[YOUR INSTRUCTIONS] Nothing but an exact copy is asked for: the lines in the material below from the one with "Tạm thời đóng cửa toàn bộ hệ thống SEVEN.am" through the one with "EJECUTAN MILITARES A CIVILES ARMADOS", pictures excluded.

[DATA TO EXAMINE]
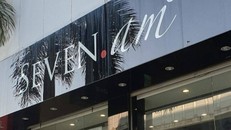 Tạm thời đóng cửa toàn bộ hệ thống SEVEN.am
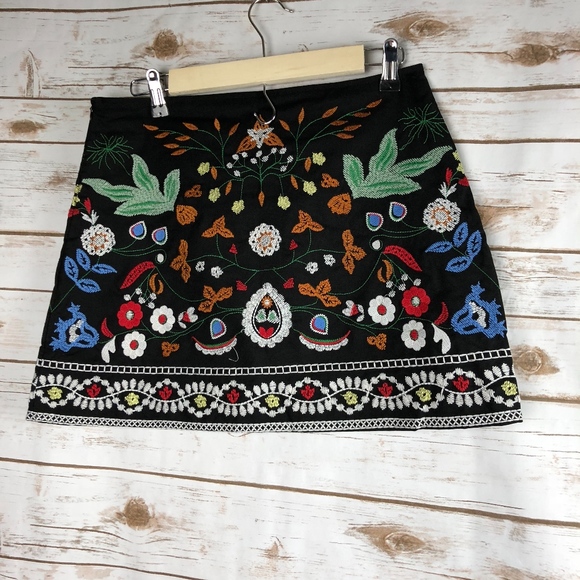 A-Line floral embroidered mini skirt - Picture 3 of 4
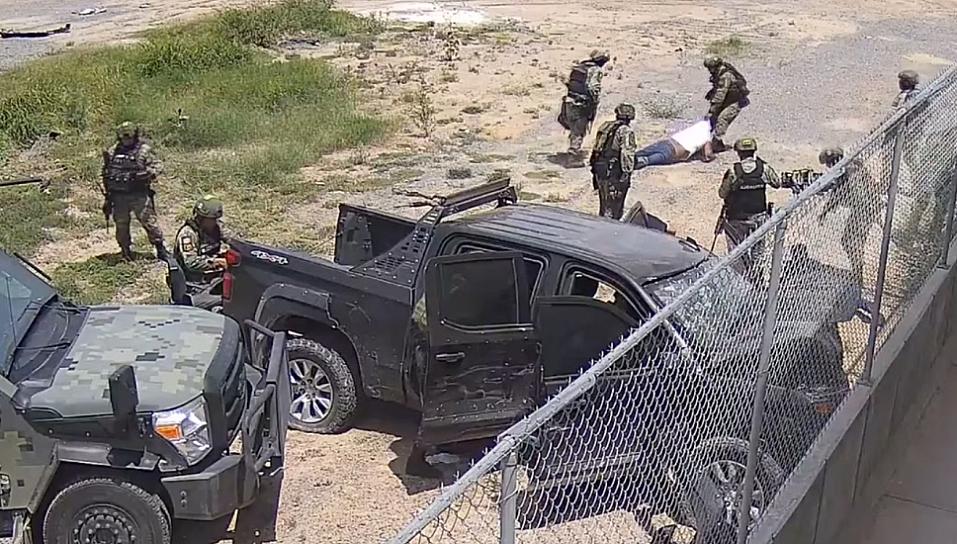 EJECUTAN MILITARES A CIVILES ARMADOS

...

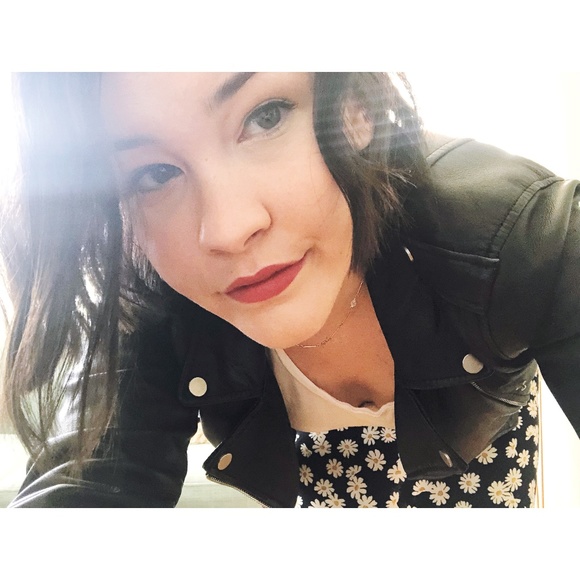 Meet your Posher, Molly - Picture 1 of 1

[WRITTEN RESPONSE]
 Tạm thời đóng cửa toàn bộ hệ thống SEVEN.am
 A-Line floral embroidered mini skirt - Picture 3 of 4
 EJECUTAN MILITARES A CIVILES ARMADOS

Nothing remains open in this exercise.